Numa propaganda do TSE, por exemplo, um professor de meia idade dá uma bronca em idosos numa sala-de-aula. Acusa-os de esquecer em quem votaram, de não acompanhar etc etc. Comentaristas e apresentadores da imprensa escrita e falada fazem o mesmo com quem os ouve ou assiste. O “Fantástico” até criou um quadro chamado “E eu com isso?”. Nele, uma atriz interpreta uma mulher do povo, que não quer saber nada de política. Enquanto lava a roupa, faz compras, se desloca em trens lotados para o trabalho, ela reafirma o tempo todo que política não leva a nada. Ao mesmo tempo, o quadro vai tentando explicar o funcionamento do Congresso, governos, partidos, etc. A atriz se sai muito bem interpretando alguém que mal tem tempo de dormir, quanto mais acompanhar mandatos e leis. Mas, não deixa de haver preconceito aí. Afinal, não são apenas os pobres que dão pouca atenção às atividades de vereadores, deputados, senadores, governantes em geral.

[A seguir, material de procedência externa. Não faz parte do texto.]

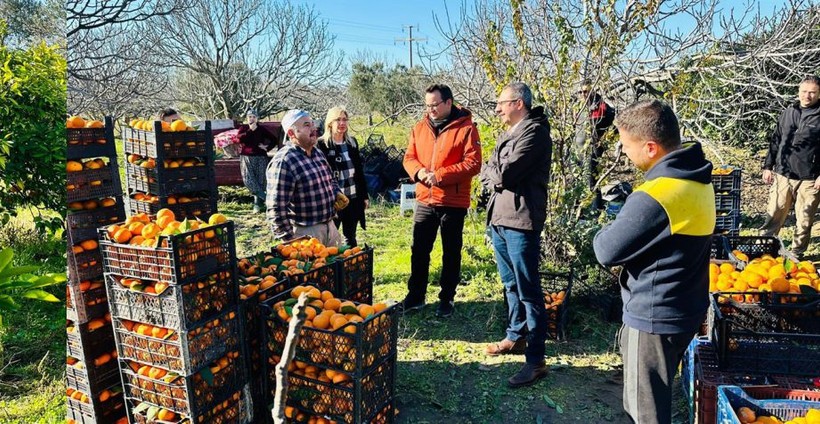 Balıkesir'de mandalina hasadı sürüyor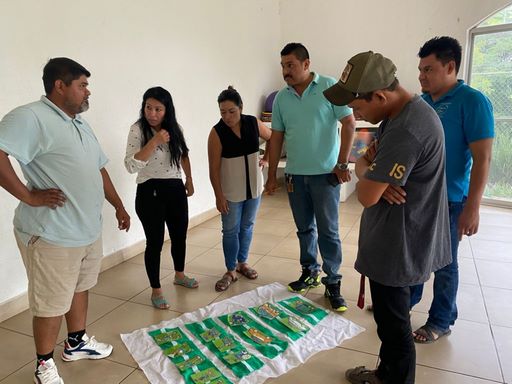 Capacitados casi 4 mil operadores para garantizar seguridad de mujeres en el transporte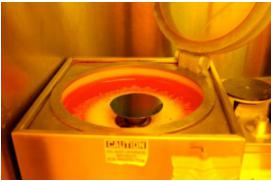 旋轉(zhuǎn)涂布機(jī)的照片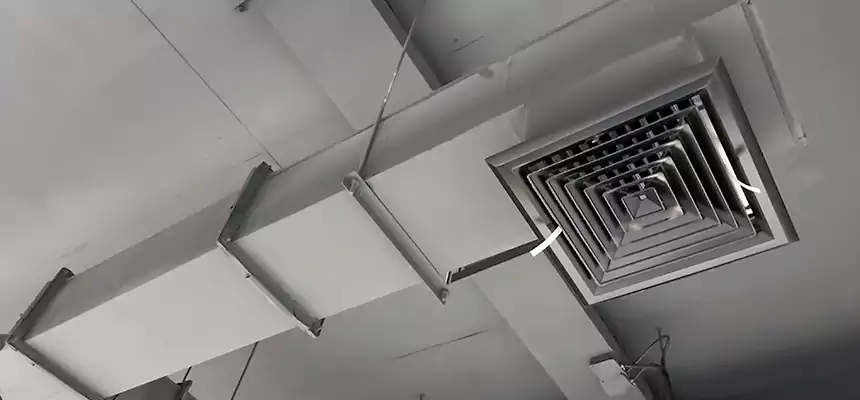 Our Rodent Droppings In Vents Services in Rochester Hills, MI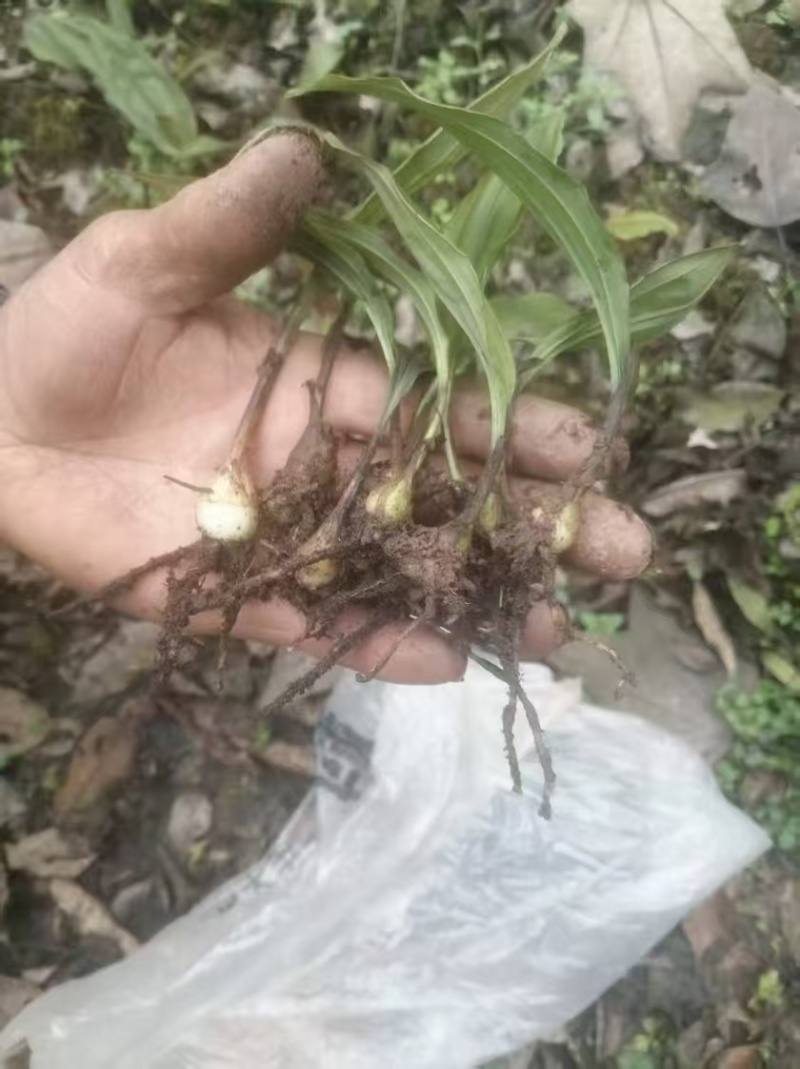 出售紫花宽叶毛慈菇种苗价格合理质量保证
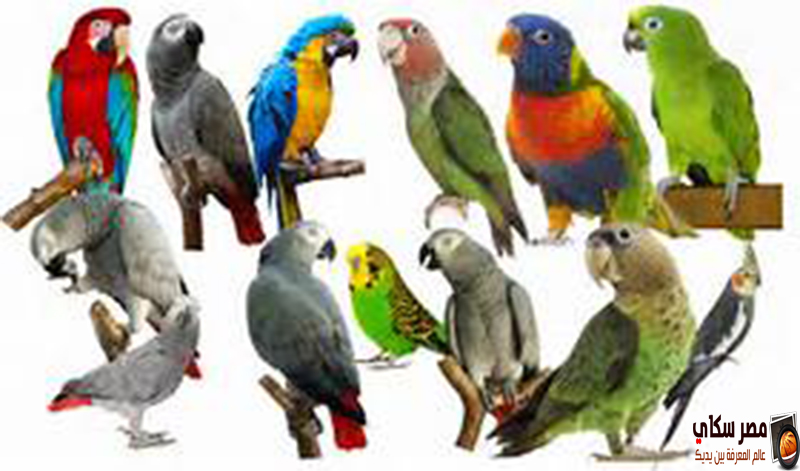 تعرف على أشهر أنواع الببغاوات بالصور والفديو Types of parrots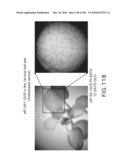 Cottonwood Growth eIF-5A diagram and image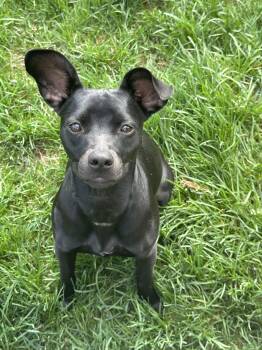 Labrador Retriever Dogs Available for Adoption in Lisbon, Iowa - Willa | PetCurious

O cientista político Alberto Carlos Almeida, da FGV, demonstra isso em seu livro “Reforma Política: Lições da História Recente”. A publicação revela que 71% dos eleitores esqueceram em quem votaram para deputado federal quatro anos antes. É verdade que a chamada “amnésia eleitoral” é maior entre os de menor escolaridade. Mas, 53% das pessoas com nível superior também não se lembram de seu voto.

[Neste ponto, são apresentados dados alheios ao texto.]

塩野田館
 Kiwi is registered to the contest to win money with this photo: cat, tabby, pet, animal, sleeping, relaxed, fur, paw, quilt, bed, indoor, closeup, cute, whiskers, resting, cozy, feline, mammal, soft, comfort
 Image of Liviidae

Interessante que o próprio quadro do “Fantástico” dá elementos para entender por que o eleitorado esquece ou despreza a política dos gabinetes. A atriz que encarna a mulher do povo conversa sobre a necessidade de fiscalizar os parlamentares e governantes com pessoas da população. Estas, dizem coisas óbvias, como: “Eu lá tenho tempo de ir atrás de vereador” ou “Tenho coisa melhor pra fazer”. Ora, a primeira observação diz respeito a pessoas em busca de sua sobrevivência, o que lhes toma grande parte do tempo e das energias. A segunda, se refere exatamente ao que a grande mídia faz com a maioria da população, não apenas com os mais pobres. Oferece-lhes entretenimento fácil e barato e informação simplificada e desestimulante. De um lado, canais como a TV Senado ou TV Câmara só chegam a quem paga tevê a cabo. De outro lado, quem é que vai trocar filmes, novelas, desenhos animados e outras atrações por discursos longos e chatos? No máximo, assistem aos “jornais das oito”, com seu formato cada vez mais espetaculoso e menos explicativo.

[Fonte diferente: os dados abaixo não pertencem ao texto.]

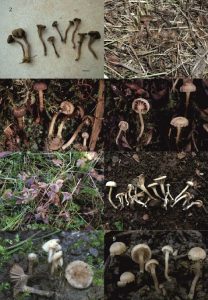 Hodophilus phaeophyllus complex (Clavariaceae, Agaricales) is defined as new phylogenetic lineage in Europe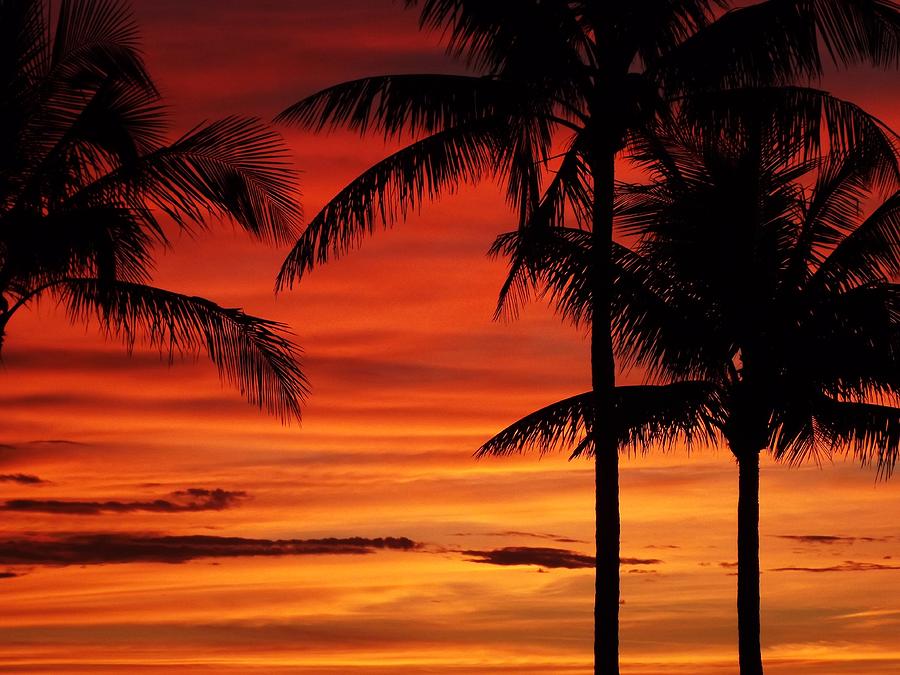 Sunrise from Palm Beach III Photograph by Rana Agaoglu - Fine Art America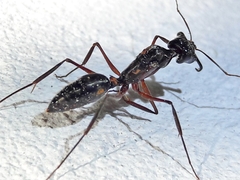 Odontomachus chelifer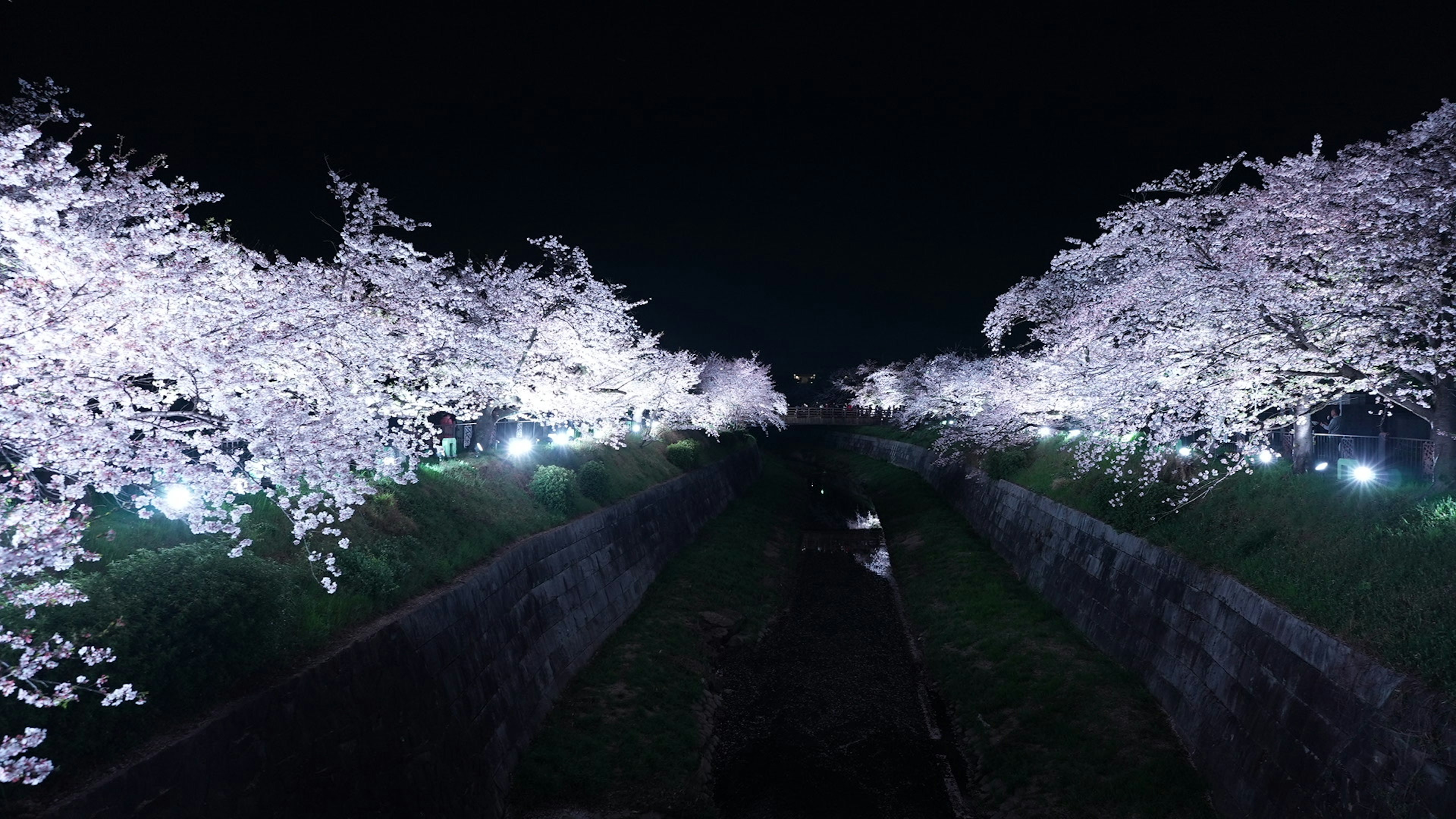 夜の桜並木の美しい景色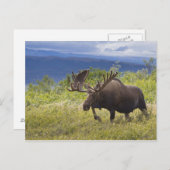 Een grote stierenmolen staat onder de wilgen briefkaart (Voorkant / Achterkant)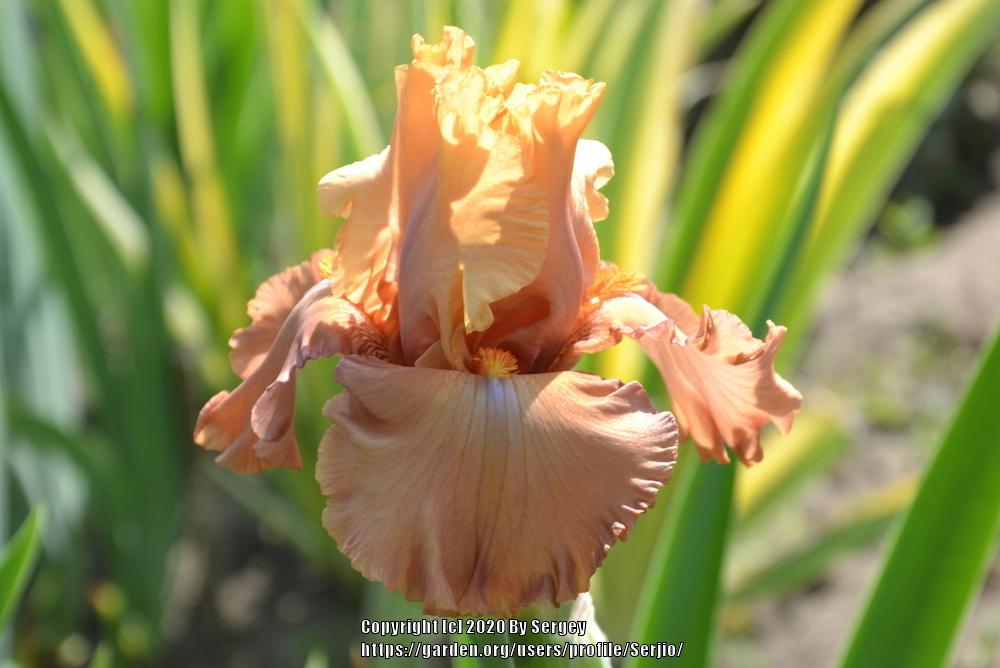 Photo of Tall Bearded Iris (Iris 'Temple of Time') uploaded by Serjio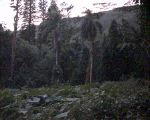 CNXT0085_2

Além disso tudo, ainda tem o fato de que essa mesma mídia é a grande advogada do individualismo. É a primeira a desestimular a organização da população. Também não vacila na hora de chamar partidos e organizações populares de “atrasados”, “radicais”, “extremistas”. Quer mesmo é que a fiscalização se limite ao voto individual, escondido na cabine de votação, uma vez a cada 2 ou 3 anos. Manifestações em frente aos parlamentos e palácios, nem pensar. Aí, é baderna. Partidos de esquerda que organizam o povo? Cláusula de barreira neles. Enquanto isso, o grande partido dos monopólios das imagens e do som continua fazendo e desfazendo, sem eleições e mandato para isso. Sem falar nos 30% de parlamentares que representam seus interesses no Congresso Nacional.
Ora, toda essa estória de “fique de olho em seu deputado” não passa de um jeito de colocar a culpa no povo e deixar em paz o próprio sistema. Este sim, cria os quase sempre esquecidos corruptos públicos e os nunca lembrados corruptores privados. E quando surgirem novos escândalos, as palavras de Pelé serão novamente lembradas, ainda que não ditas. Por outro lado, toda essa conversa moralista serve para esconder que parlamentares e governantes não traem a vontade popular apenas roubando. Na verdade, a maior parte nem é corrupta. Somente propõe e aceita leis que pioram a vida da grande maioria da população.
Adaptando uma frase irônica que Brecht disse uma vez: Não seria mais fácil o governo e a mídia derrubarem o povo e elegerem um outro?